#### [Task]
Reproduce the listing in full, pictures excluded.

#### [Exercise data]
==*==
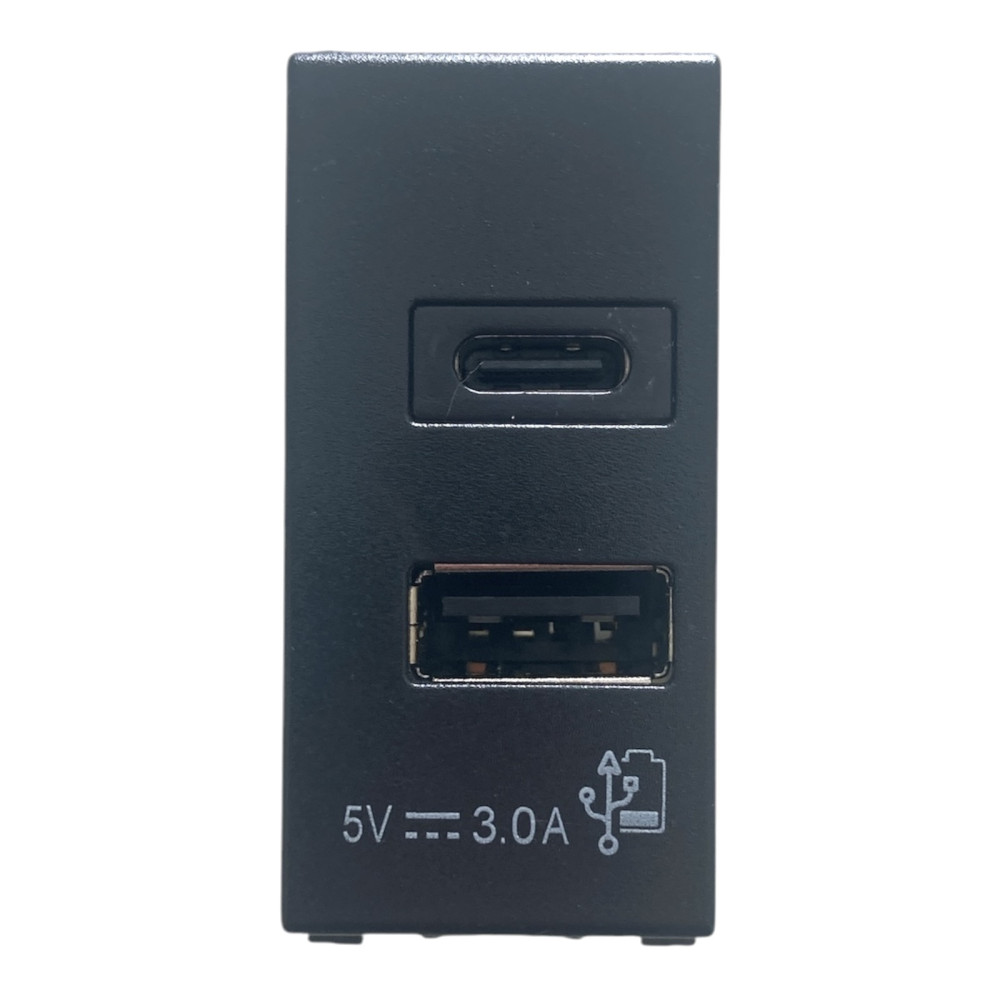 Alimentatore Presa USB 5V 3,0A 2 Uscite A+C per Vimar Arkè GRIGIA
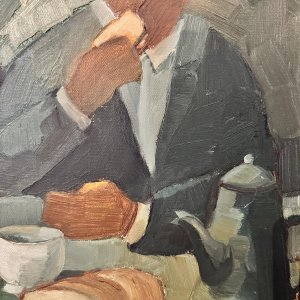 Milo DARDENNE “Breakfast” oil painting on canvas expressionist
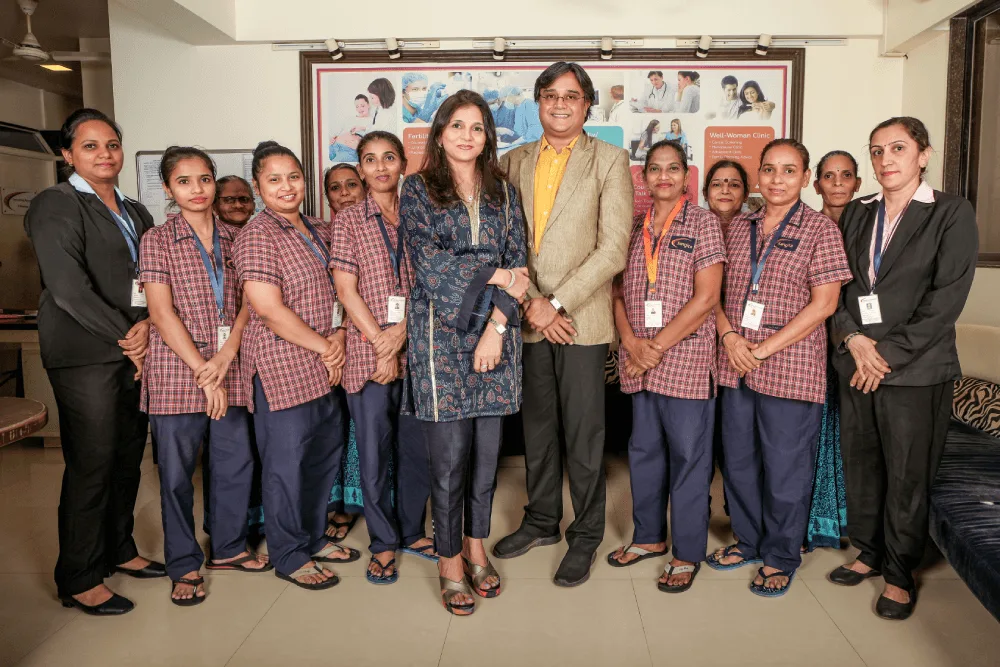 Dr. Priti Vyas, Dr. Samir Vyas and the Sangita Hospital team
==*==
#### [Solution for this task]
 Alimentatore Presa USB 5V 3,0A 2 Uscite A+C per Vimar Arkè GRIGIA
 Milo DARDENNE “Breakfast” oil painting on canvas expressionist
 Dr. Priti Vyas, Dr. Samir Vyas and the Sangita Hospital team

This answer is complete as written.